Marc Guillemot (Safran) à la vacation de 11h : « J’ai profité de la molle pour essayer de réparer mes soucis de voile en haut du mât. Ça s’est soldé par un échec, la houle m’a fait valdinguer, c’était vraiment dangereux. J’ai surestimé mes capacités à bricoler avec la houle résiduelle, je pensais m’en affranchir. Il faudra que je recommence dans des conditions différentes. La nuit qui a suivi le départ de la frégate australienne, j’ai écrasé. Je pensais avoir bien redémarré, mais maintenant je m’aperçois que je n’avais pas vraiment récupéré du temps passé auprès de Yann. Un arrêt casse vraiment le rythme du corps et du coup il y a plein de fonctions qui ont fini par se mettre en ” mode vacances “. J’ai vraiment l’impression d’avoir de la fatigue à récupérer alors que ce n’était pas le cas il y a quelques jours. Il faut que je reprenne le dessus et que je fasse attention. Toutes ces angoisses accumulées pendant plusieurs jours, ça va profondément au fond du cœur. Il faut évacuer et j’étais un peu prétentieux en pensant que tout ça était derrière moi. J’ai envie de passer à l’attaque, mais il faut laisser du temps au temps. »

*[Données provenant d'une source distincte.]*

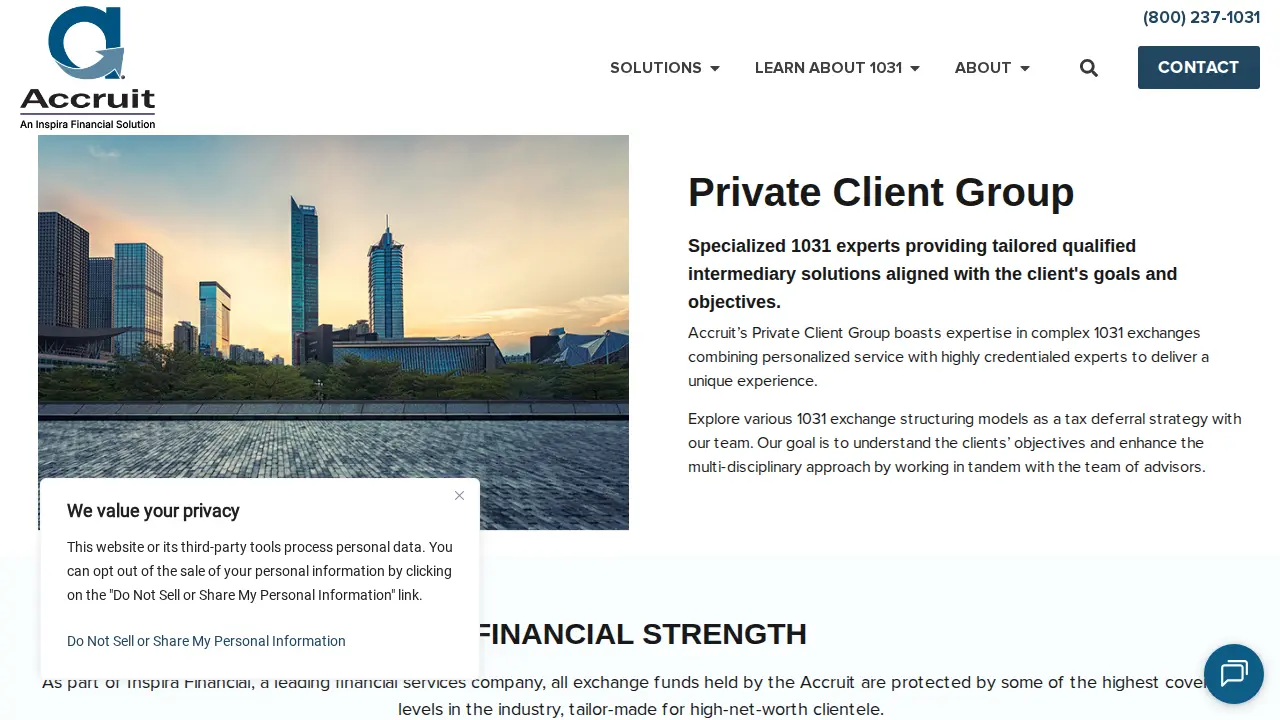 Accruit, 1031 Exchange Service Provider page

Dee Caffari (Aviva) par mail : « Une journée calme et reposante alors qu’on reçoit les news du sauvetage de Yann, que Mike (Golding) a été réapprovisionné en gas-oil et que Dominique (Wavre) et Loïck (Peyron) ont eu un rendez-vous en mer. Les premiers avancent dans le Pacifique à des vitesses formidables et aujourd’hui, j’ai pu faire un check-up complet d’Aviva, ce qui rend la vie plus facile avec cette météo plus clémente. Une discussion avec mon chef de projet nous a rassurés tous les deux sur l’état du bateau et savoir que j’approche de la moitié de la course nous permet d’évaluer l’utilisation du gas-oil et d’ajuster en fonction pour que j’en aie assez jusqu’à la fin. Je viens de passer le deuxième des trois grands caps aujourd’hui. Il n’en reste plus qu’un… »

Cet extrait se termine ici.